In a good data warehouse design, ETL takes care of the correct mapping of fact data to its dimensions by using surrogate keys. Each join is then an inner join. In order to do so, dimension tables usually contain a row for the unknown element. Frequently, the surrogate key –1 is used for this row.

But following this best practice results in the SSAS dimension showing two elements for ‘unknown’: The dimension entry and the automatically created entry.


So, why does SSAS dimension have this build-in unknown element by default? If we build almost all SSAS cubes based on a good data warehouse design where the dimensions maintain their own unknown element, there is no need for an automatically created unknown element anymore. But since SSAS cube’s wizard is intended to work with most types of data structures, the unknown element is there by default. Without having ETL enforced surrogate keys you just cannot be sure, that every fact row maps to its dimensions.

So, as explained above, we want to remove this default unknown element in almost all SSAS cube development projects. This can be easily done in the properties dialog of the dimension:


There are four available options for the unknown member:

visible The unknown-member of the dimension exists and is visible
hidden The unknown-member of the dimension exists and is hidden
none The unknown-member of the dimension does not exist
automatic null The unknown-member of the dimension exists und is visible, if there are violations of the referential integrity (fact keys not found in in dimension).

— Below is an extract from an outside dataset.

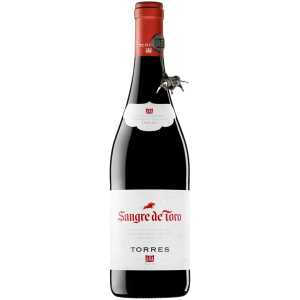 Torres Sangre De Toro Czerwone Wytrawne Wino 0,75L 13,5%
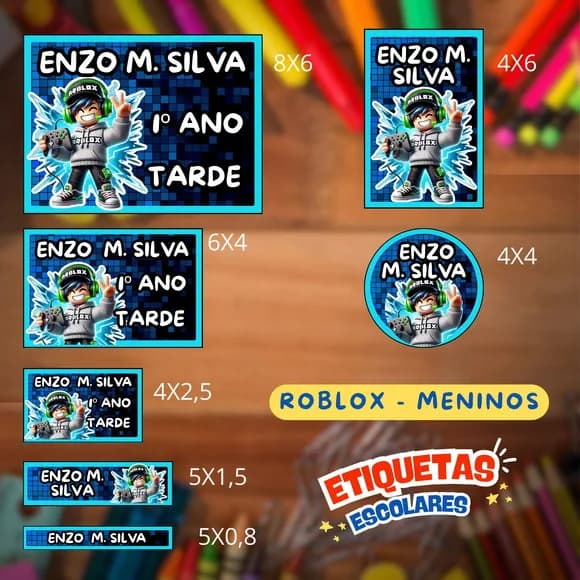 60 Etiquetas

Again, if we take care of the surrogate keys in the ETL process, there is no need for a dimension unknown element at all. So, the best option is, to disable it (UnknownMember set to none).

However, because of other default settings, you’re getting the following error when trying to deploy your SSAS model afterwards:

The 'KeyColumns' #0 has NullProcessing set to 'UnknownMember', but the dimension doesn't have UnknownMember set to 'Visible' or 'Hidden'

If you’re getting this error for the first time, it might not be clear, where to fix it, especially since there are two changes that need to be made:


1. Adjusting the dimension key attribute

If you look at the dimension, you’ll notice the red hash-line below the key attribute of your dimension.


In order to fix this, you’ll need to open the properties of that attribute. Now navigate to the key columns setting and expand the view for each of the columns (since you may have more than one column bindings for the attribute’s key) as shown in the following screenshot:


Here you can set the NullProcessing option to “Error”. The default is “UnkownMember” but since we just disabled this, this causes the error.

Remember to do this for each key column of this attribute.


2. Adjust null processing in the dimension usage.

The second place to modify is the dimension mapping. Therefore open the cube and go to the dimension usage tab. You’ll notice the red hash-line at the attribute (in my example, the Product ID):


In order to fix this, click the button near to the attribute (the one labeled with “-“) to open this dialog:


Click advanced to edit the properties of the mapping:


In the lower part of the dialog, you can set the “Null Processing” from “UnknownMember” to “Error”.

After this change you should be able to deploy the cube again.